41% aller Befragten gehen davon aus, in absehbarer Zukunft etwas oder viel weniger Geld für Urlaub auszugeben. Stark betroffen sein werden außerdem Ausgaben für Unterhaltung (z.B. Kino, Theater, Ausstellungen, Freizeitparks) - hier gehen 38% von geringeren Ausgaben aus. Ebenso betroffen: Ausgaben für Restaurant- und Kneipenbesuche: 39% wollen oder müssen ihre Ausgaben in diesem Bereich senken.
Ein knappes Drittel (30%) geht davon aus, weniger zu sparen bzw. in Geldanlagen investieren zu können. Immerhin mehr als jeder Fünfte (22%) hat vor, Kosten für Versicherungen zu reduzieren. Am Auto oder an Ausgaben für Mobilität wollen 32% bzw. 28% der Befragten sparen. Für Bekleidung wollen 29% die Ausgaben reduzieren.
Weniger gespart werden soll an Kosten für Wohnen (15%), wobei jedoch für die Einrichtung mit Möbeln (31%), die Ausstattung mit Haushaltsgeräten (26%) oder Unterhaltungselektronik (31%) weniger Geld zur Verfügung steht.
Eine Branche kann sich Hoffnungen manchen, nicht von Einsparungen betroffen zu sein: bei Lebensmitteln plant ein gutes Fünftel der Befragten (20%), sogar mehr Geld ausgeben zu wollen. Ihnen stehen lediglich 12% gegenüber, die niedrigere Ausgaben in diesem Bereich erwarten.
Insgesamt blicken die Deutschen mit Sorgen auf Vollbremsung, die die deutsche Wirtschaft durch den Lockdown hingelegt hat: 87% sehen Deutschland aktuell in einer sehr großen Krise und 77% machen sich Sorgen um die wirtschaftliche Entwicklung. 53% machen sich Sorgen um ihre persönliche finanzielle Situation und 28% um ihren Arbeitsplatz.
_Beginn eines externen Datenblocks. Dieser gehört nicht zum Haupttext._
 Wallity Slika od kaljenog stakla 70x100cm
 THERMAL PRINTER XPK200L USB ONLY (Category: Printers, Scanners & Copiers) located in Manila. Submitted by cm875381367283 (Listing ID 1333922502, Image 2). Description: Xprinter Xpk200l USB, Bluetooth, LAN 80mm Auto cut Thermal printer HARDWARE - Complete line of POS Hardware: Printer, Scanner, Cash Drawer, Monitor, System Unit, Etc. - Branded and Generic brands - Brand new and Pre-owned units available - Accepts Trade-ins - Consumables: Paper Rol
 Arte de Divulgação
Entsprechend werden auch finanzielle Einbußen aufgrund der Krise erwartet: 21% fürchten leichte, 20% deutliche und 6% sogar existenzbedrohende finanzielle Einbußen. Wenig überraschend stimmen 53% daher der Aussage zu, dass sie gerade sehr sparsam leben.
GIM Geschäftsführer und Studienverantwortlicher Dr. Jörg Munkes ordnet die Ergebnisse so ein: "Selbst wenn Unternehmen nach dem Lockdown schnell wieder hochgefahren werden können, wird sich die Konsumlaune in Deutschland ohne externe Impulse vermutlich langsamer aufhellen. Im worst case ist sogar mit einer negativen Konsumspirale zu rechnen, bei der eine schwache Binnennachfrage die Konjunktur noch weiter abkühlen lässt".
Über die Studie:
Grundgesamtheit: Bevölkerung in Deutschland über 18 Jahre
Stichprobe: Repräsentativ quotiert nach Alter, Geschlecht, Bildung und Bundesland
Erhebungsverfahren: Onlineinterviews (CAWI)
Fallzahl: 1020 Befragte
Erhebungszeitraum: 3. bis 8. April 2020
Schwankungsbreite (95% Konfidenzintervall): 1,4 (bei 5% Anteilswerten) bis 3,1 (bei 50% Anteilswerten)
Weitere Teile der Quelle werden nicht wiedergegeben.